La modernité d’une pensée panafricaine
La redécouverte contemporaine de ses analyses sur le messianisme congolais s’inscrit dans le regain d’intérêt pour les utopies fédératives africaines. À l’heure où l’agenda continental multiplie les projets d’intégration économique, les écrits de Sinda rappellent que l’unité ne peut se décréter administrativement : elle se construit dans les imaginaires partagés. Son intuition selon laquelle le christianisme kongo a été un laboratoire de résistance culturelle anticipe les discussions actuelles sur l’afropolitanisme, concept cher à la génération connectée de Pointe-Noire à Dakar.
Paroles de contemporains et échos académiques
Interrogé sur Radio-Congo en 2002, le historien Joseph Tonda saluait « la puissance tranquille d’un maître des sources orales ». De son côté, l’anthropologue française Anne Lafont évoquait « un penseur dont la méthodologie inspire la restitution muséale des arts du bassin du Congo ». Ces témoignages convergent vers une conclusion : l’œuvre de Sinda dépasse le territoire national pour rejoindre les bibliothèques de Nairobi, Washington et Brasilia, preuve également du rayonnement soft power que le livre confère à la diplomatie congolaise.
Un héritage en quête de relais générationnels
Chez les étudiants de Brazzaville, les réseaux sociaux viennent relayer des extraits de Chant de départ, poème couronné en 1955 par le Grand prix littéraire de l’Afrique équatoriale française. Cette circulation virale révèle combien la plume de l’auteur demeure audible. Pour capitaliser sur cet engouement, plusieurs facultés, en partenariat avec la Direction générale du patrimoine, envisagent une chaire Martial-Sinda consacrée à la dynamique entre foi, citoyenneté et émancipation. Une telle initiative pourrait stimuler la recherche locale tout en consolidant l’ambition nationale de devenir un pôle universitaire régional.

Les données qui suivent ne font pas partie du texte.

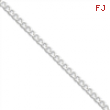 Sterling Silver 3.65mm Wide Curb Chain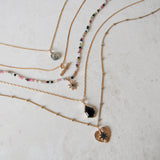 T- Bar Necklace 9k Gold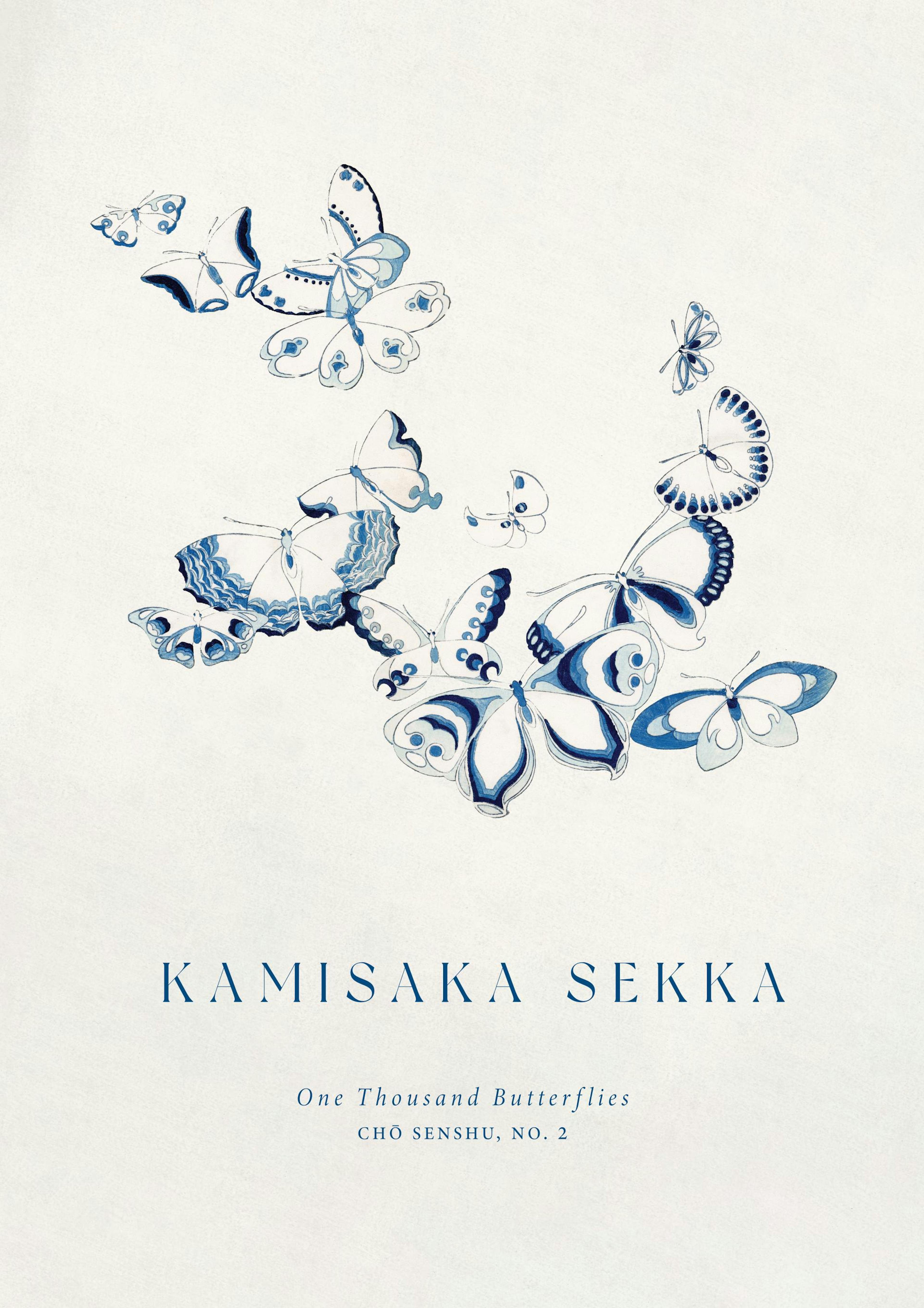 Kamisaka Sekka - One Thousand Butterflies, No. 2 Plakat 0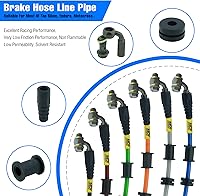 Vista 12 de Manguera de aceite hidráulico para motocicleta Fewfuss - Línea de aceite 28 28 grados M10 de acero trenzado para freno y embrague para moto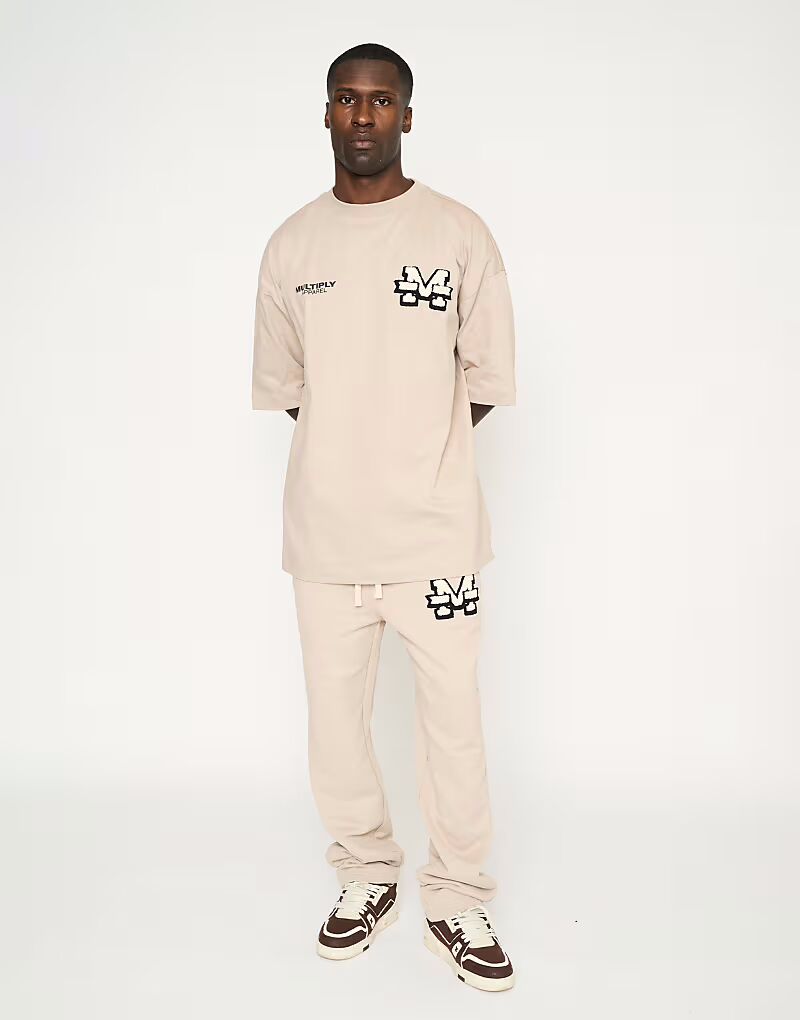 

Multiply Apparel - Squad - Спортивные брюки однотонного серо-коричневого цвета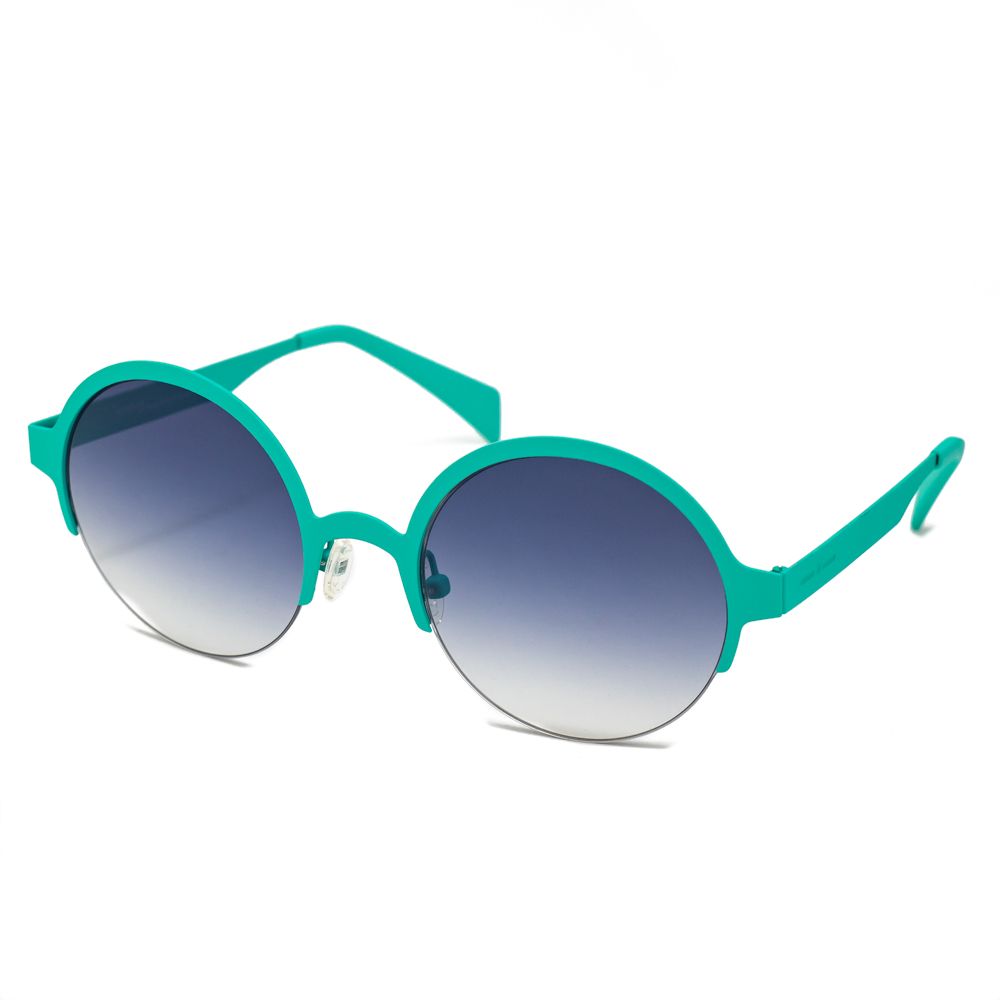 Italia Independent Blaue Sonnenbrille aus Metall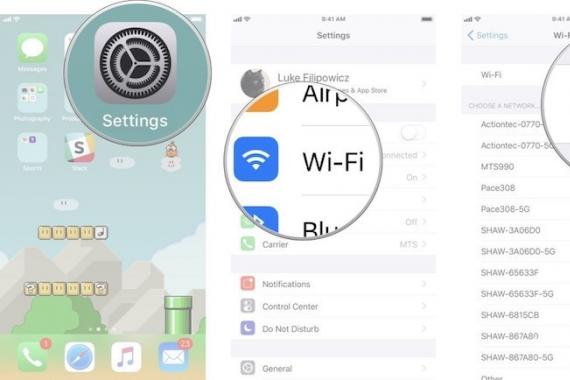 Как включить Wi-Fi на вашем iPhone и iPad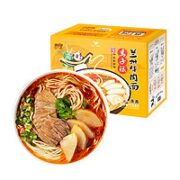 统一 那街那巷兰州牛肉面 186g3人份*1盒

Entre mémoire et prospective, la responsabilité de la jeunesse
Le décès du professeur, survenu en juillet 2025, pose moins la question de la mélancolie que celle de la transmission active. Qu’il s’agisse de numériser ses archives, de vulgariser ses travaux auprès des lycées ou de nourrir les débats civiques, la jeune génération détient la clé d’une valorisation inclusive de son legs. Dès lors, Martial Sinda n’est pas seulement un nom de manual, mais un rappel que la connaissance, lorsqu’elle se veut service, fonde l’autorité morale des nations. En embrassant cette vision, le Congo consolide son capital symbolique tout en forgeant une citoyenneté éclairée, moteur d’un avenir partagé.
Dernier salut à l’infatigable pédagogue
Alors que ses cendres rejoignent la terre natale du Pool, là où la savane frissonne aux premières pluies, les cloches des paroisses et les couloirs des campus résonnent d’une même gratitude. Le professeur Sinda, qui affirmait n’avoir « jamais trahi » son serment d’historien, laisse un message clair : se souvenir, c’est aussi inventer le futur. À ce titre, son nom demeure l’un des jalons indispensables d’une Renaissance congolaise puisant dans la rigueur scientifique et l’éthique du partage.